Inquiétudes sur le broutard

Dans le secteur des bovins viande, la profession redoute d’être à la veille d’un marasme aussi sévère que celui de 2014. Les perspectives sur le prix des JB - en recul régulier - sont défavorables avec la menace d’un engorgement du marché de la viande par les sorties de laitières. Sur le maigre, si la campagne avait plutôt bien démarré, depuis l’été, les cours se sont dégradés et sont passés sous la moyenne des quatre dernières campagnes à pareille époque.
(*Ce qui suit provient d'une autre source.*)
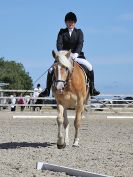 Image 66 in BROADLAND EQUESTRIAN CENTRE. DRESSAGE. 11 AUG 2018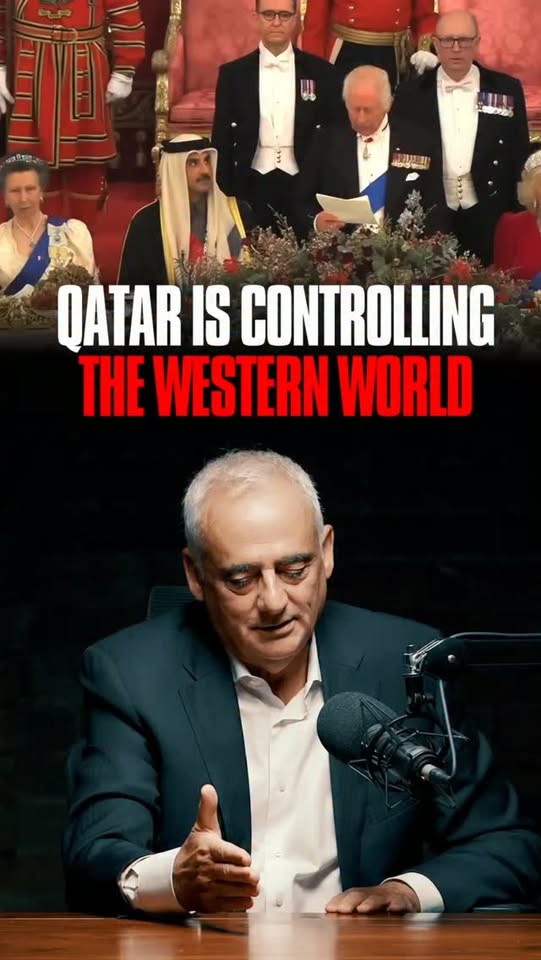 ISGAP et l'influence du Qatar — une source institutionnelle, des faits documentés, des estimations assumées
L’absence d’ouverture de marchés pays tiers à l’export laisse craindre une pression des acheteurs transalpins. L’évolution du prix des mâles croisés (+ 350 kg, U+R) depuis 2012 montre néanmoins une stabilité des cours du maigre autour de 2,51 €/kg, avec des variations inter-campagnes bien moindres qu’au sein d’une même campagne.  Après une période chaotique, le secteur porcin perçoit en revanche une réelle embellie avec un cadran breton qui tangente enfin le 1,5 €. La réduction des capacités de production en Allemagne notamment, les effets de la peste porcine dans certains pays et un été favorable aux barbecues se conjuguent pour donner cette conjoncture positive. Si les prix se redressent également en agneaux, portés eux aussi par un été beau et chaud, les inquiétudes persistent avec des importations conséquentes, que pourrait venir encore booster la dévaluation de la livre sterling dans le sillage du Brexit.